(Scraped caption text data)
■ ■ ■

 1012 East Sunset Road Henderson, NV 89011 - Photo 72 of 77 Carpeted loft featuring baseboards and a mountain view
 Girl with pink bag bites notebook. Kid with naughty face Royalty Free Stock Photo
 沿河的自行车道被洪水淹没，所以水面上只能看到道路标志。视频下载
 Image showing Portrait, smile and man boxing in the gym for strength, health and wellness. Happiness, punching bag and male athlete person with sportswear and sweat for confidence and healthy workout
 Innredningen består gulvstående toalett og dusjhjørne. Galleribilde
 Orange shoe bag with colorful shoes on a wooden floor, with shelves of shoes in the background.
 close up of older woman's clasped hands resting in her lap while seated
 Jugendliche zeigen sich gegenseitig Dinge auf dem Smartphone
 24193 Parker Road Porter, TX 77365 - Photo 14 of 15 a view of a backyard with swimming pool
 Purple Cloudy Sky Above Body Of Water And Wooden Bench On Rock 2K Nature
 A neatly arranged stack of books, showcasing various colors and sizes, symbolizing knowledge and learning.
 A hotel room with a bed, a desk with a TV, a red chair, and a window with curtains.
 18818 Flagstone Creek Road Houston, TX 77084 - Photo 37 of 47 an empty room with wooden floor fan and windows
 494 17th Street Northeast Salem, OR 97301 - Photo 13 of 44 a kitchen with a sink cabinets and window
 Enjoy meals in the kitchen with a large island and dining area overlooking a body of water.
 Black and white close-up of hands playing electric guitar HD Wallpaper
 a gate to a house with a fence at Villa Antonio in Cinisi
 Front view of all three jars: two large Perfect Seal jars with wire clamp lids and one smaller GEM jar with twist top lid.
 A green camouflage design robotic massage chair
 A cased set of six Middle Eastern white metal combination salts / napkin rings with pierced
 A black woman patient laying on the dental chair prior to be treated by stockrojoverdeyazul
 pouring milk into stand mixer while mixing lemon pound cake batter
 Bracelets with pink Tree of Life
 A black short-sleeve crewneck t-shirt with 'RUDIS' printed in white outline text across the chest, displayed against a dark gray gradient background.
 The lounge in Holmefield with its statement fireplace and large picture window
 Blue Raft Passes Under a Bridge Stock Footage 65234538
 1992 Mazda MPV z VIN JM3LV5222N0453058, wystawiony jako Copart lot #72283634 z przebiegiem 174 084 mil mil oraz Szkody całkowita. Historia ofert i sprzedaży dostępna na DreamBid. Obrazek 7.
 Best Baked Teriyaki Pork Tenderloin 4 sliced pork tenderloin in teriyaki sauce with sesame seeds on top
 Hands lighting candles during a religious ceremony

■ ■ ■

#### WHAT YOU NEED TO DO
Write the entries above out again, verbatim.

#### FINAL ANSWER
 1012 East Sunset Road Henderson, NV 89011 - Photo 72 of 77 Carpeted loft featuring baseboards and a mountain view
 Girl with pink bag bites notebook. Kid with naughty face Royalty Free Stock Photo
 沿河的自行车道被洪水淹没，所以水面上只能看到道路标志。视频下载
 Image showing Portrait, smile and man boxing in the gym for strength, health and wellness. Happiness, punching bag and male athlete person with sportswear and sweat for confidence and healthy workout
 Innredningen består gulvstående toalett og dusjhjørne. Galleribilde
 Orange shoe bag with colorful shoes on a wooden floor, with shelves of shoes in the background.
 close up of older woman's clasped hands resting in her lap while seated
 Jugendliche zeigen sich gegenseitig Dinge auf dem Smartphone
 24193 Parker Road Porter, TX 77365 - Photo 14 of 15 a view of a backyard with swimming pool
 Purple Cloudy Sky Above Body Of Water And Wooden Bench On Rock 2K Nature
 A neatly arranged stack of books, showcasing various colors and sizes, symbolizing knowledge and learning.
 A hotel room with a bed, a desk with a TV, a red chair, and a window with curtains.
 18818 Flagstone Creek Road Houston, TX 77084 - Photo 37 of 47 an empty room with wooden floor fan and windows
 494 17th Street Northeast Salem, OR 97301 - Photo 13 of 44 a kitchen with a sink cabinets and window
 Enjoy meals in the kitchen with a large island and dining area overlooking a body of water.
 Black and white close-up of hands playing electric guitar HD Wallpaper
 a gate to a house with a fence at Villa Antonio in Cinisi
 Front view of all three jars: two large Perfect Seal jars with wire clamp lids and one smaller GEM jar with twist top lid.
 A green camouflage design robotic massage chair
 A cased set of six Middle Eastern white metal combination salts / napkin rings with pierced
 A black woman patient laying on the dental chair prior to be treated by stockrojoverdeyazul
 pouring milk into stand mixer while mixing lemon pound cake batter
 Bracelets with pink Tree of Life
 A black short-sleeve crewneck t-shirt with 'RUDIS' printed in white outline text across the chest, displayed against a dark gray gradient background.
 The lounge in Holmefield with its statement fireplace and large picture window
 Blue Raft Passes Under a Bridge Stock Footage 65234538
 1992 Mazda MPV z VIN JM3LV5222N0453058, wystawiony jako Copart lot #72283634 z przebiegiem 174 084 mil mil oraz Szkody całkowita. Historia ofert i sprzedaży dostępna na DreamBid. Obrazek 7.
 Best Baked Teriyaki Pork Tenderloin 4 sliced pork tenderloin in teriyaki sauce with sesame seeds on top
 Hands lighting candles during a religious ceremony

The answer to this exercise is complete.